Advertorial
Intisari-Online.com – Beberapa hari lalu, media sosial diramaikan dengan sebuah unggahan pertama yang diunggah oleh akun media sosial Instagram milik @rohayatun7 pada Senin (22/7/2019).
Unggahan tersebut tersebut berisi kisah seorang bocah yang pergi ke sekolah menggunakan baju kotor dan tanpa alas kaki.
Bocah itu juga menunjukan lokasi rumahnya yang berada di atas perbukitan, terpencil, dan dalam kondisi memprihatinkan.
Rohayatun, yang tak lain adalah gurunya sendiri, mengunggah tiga buah foto dan dua buah video berdurasi 60 dan 48 detik.
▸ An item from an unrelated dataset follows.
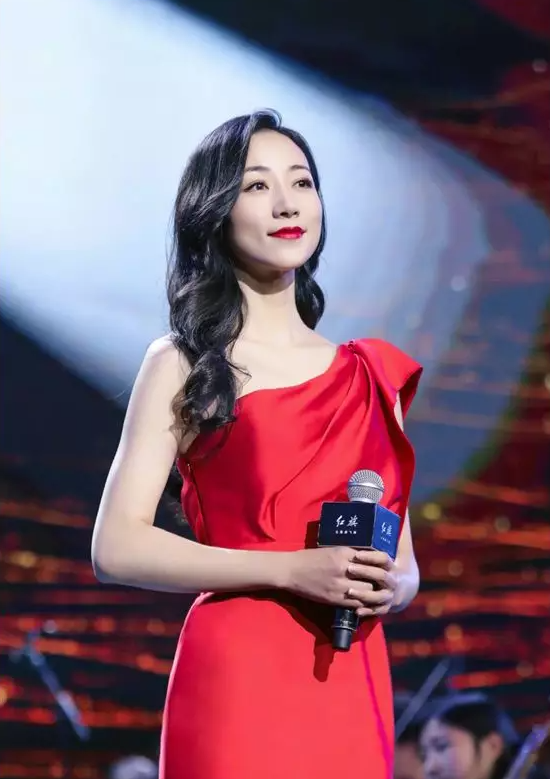 张天爱|韩雪不仅演技精湛，面容姣好，衣品也一绝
Baca Juga: Ria Ricis Pamit dari YouTube, Ini Alasan Banyak YouTuber Butuh Istirahat dari YouTube
Rohayatun juga menuliskan cerita tentang kondisi muridnya yang sangat memprihatinkan.
Muridnya, yang bernama Jodi, berasal dari keluarga tidak mampu.
Namun, yang membuat Rohayatun kagum, Jodi memiliki semangat belajar tinggi.
Informasi tersebut kemudian disebarluaskan oleh sejumlah akun media sosial lainya.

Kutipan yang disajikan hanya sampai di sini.